There’s good news, however, and since it comes from the world of science, I already feel smarter. This kind of memory lapse has a name: the Doorway Effect. If we move through space with a specific intention, we are more likely to forget that goal if we go through a doorway than if we walk the same distance from one side of a room to the other. It turns out that each time we go through a doorway, our reptile brain tells us to jettison everything we can so that we are fully alert to the present: new is dangerous. From an evolutionary standpoint, the doorway effect makes perfect sense.
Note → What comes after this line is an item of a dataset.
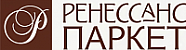 Ренессанс Паркет
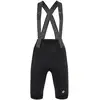 Image de Assos Cuissard à bretelles femme Uma GT C2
For me, the phenomenon raises interesting questions about memory. It’s an overworked metaphor, but life really is a series of doorways, a series of initiations. First kiss, first job. First marriage. To what extent do we have to ‘unremember’ the past to be free to invent the future?
I recently visited London, England, and made a pilgrimage to 43 Portman Square, where I worked as a clerk when I was twenty. Those six months were both frightening and thrilling: far away from home, I was discovering who I was, who I could be. (It turned out I could be a big fan of pubs.) The façade of the old building was as I remembered, but peering through the double doors, I could see that the interior was vastly different, spacious, light filled. At first I was disappointed that my body didn’t remember my exhilaration or my fear—but then I felt lighter, easier. I didn’t need to carry the weight of memory through that door. I had already arrived, safely.
I still feel frustrated when my short-term memory sticks it to me, but one of the perks of getting older is that we can take the long view. Sometimes our forgetting is a reminder to ask some important questions: What do we really need to bring with us each time we pass through a doorway? A sense of wonder? Yes. Humility? Yes.
And maybe a Pop Tart. Said she, archly.
Congratulations for such a wonderful article, Jean.
I didn’t know this phenomenon was called “the Doorway Effect” and that it had a scientific explanation.
A well- written informative piece delivered with the perfect amount of personal history and humour.
Thank you!
I forgot what I was going to write. No wait, I remember. 😉
A treat, as always, to read your stories, Shep!